Не торопясь, иронически поглядывая на весёленькие коробки легатов, шифу Ван пересёк дорогу и шагнул в высокую, по колено, траву. Стела была развёрнута к нему задней стороной. У столба, безоговорочно, нет смысла выделять какие-либо стороны; все они, так или иначе сходны, но просто надпись была там, на обороте, и для себя шифу Ван поставил считать, что образует она своеобразную мушку апертурного прицела, контуры которого формируются Большим и Кремлём, и обращён прицел туда: в графства, теократии, автономии, республики, оспариваемые территории, протектораты; в то, что раньше обобщённо называлось континентальной Европой.

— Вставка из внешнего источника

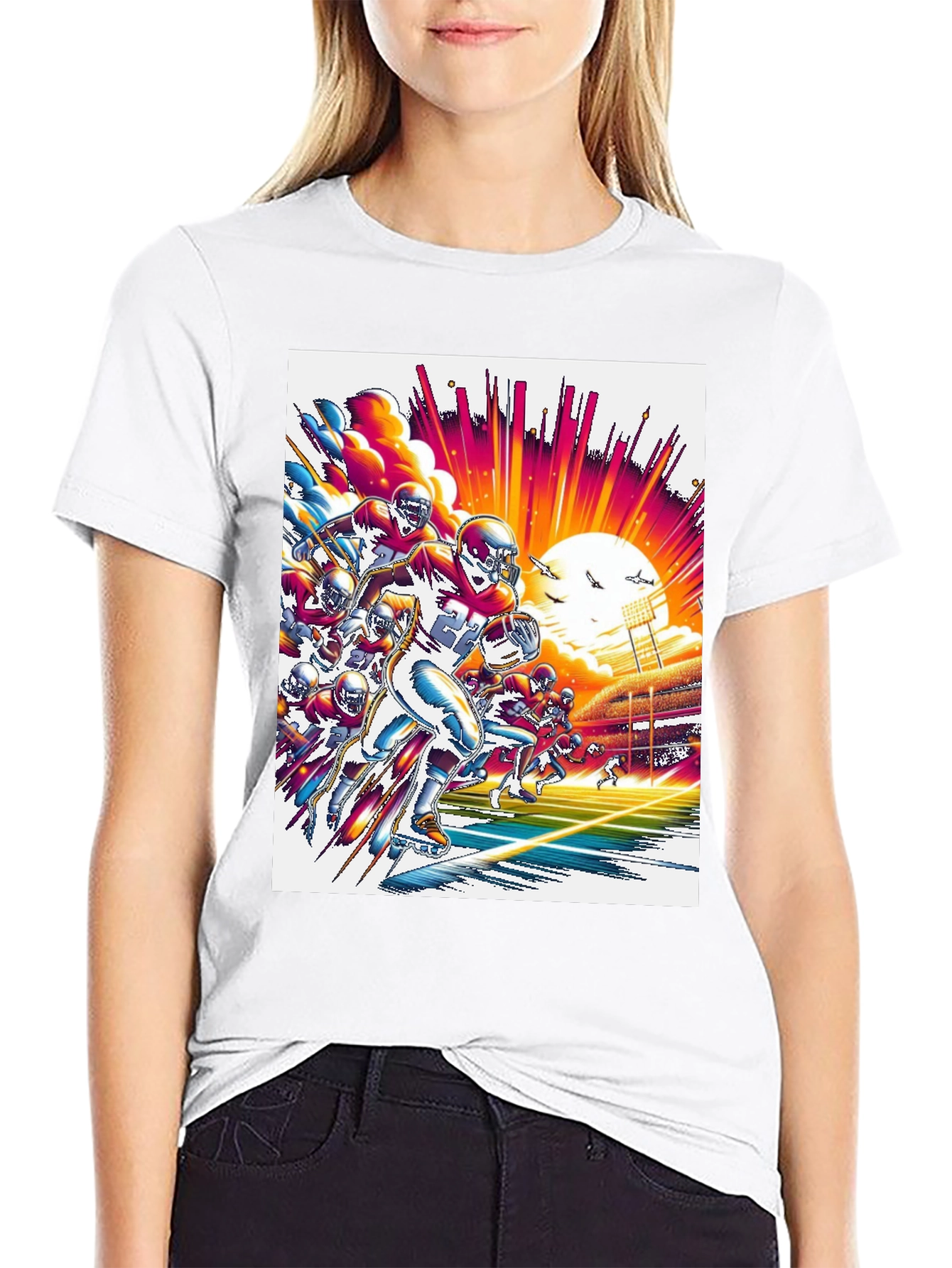 Retro Football Graphic Tee - Black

Шифу Ван прошёл через защитный периметр, и положил ладонь на фактурный, бугристый металл стелы. Постоял молча, закрыв глаза. Даже сейчас, когда он был в этом месте, шифу Ван запрещал себе полностью вспоминать тот день. Он заходит с доставкой в только что въехавший офис: хаодо. Хорошо. Он в коридоре: хаодо. Он видит зелёные глаза: хаодо. А дальше – всё. Дальше будет то самое: «Дёргай этот чёртов рубильник!». Поэтому дальше не хаодо.

Пальцы его привычно оглаживали жирную, с заусеницами, поверхность столба, целиком собранного из тулия, матово бликующего даже в квёлом московском солнце. Не открывая глаз, шифу Ван беззвучно, словно мантру, прошептал надпись: «Марье Николаевне Дуровой, 2009 – 2033. Учёной, патриотке и просто красавице. Вернувшей информационную стену ценой собственной жизни. Спасибо, Марья! Россия в долгу перед тобой». Как всегда, ухнул у него из горла в сердце при этих непроизнесённых словах холодный склизкий комок, растёкся по груди, и застыл в неудобных, антианатомических формах.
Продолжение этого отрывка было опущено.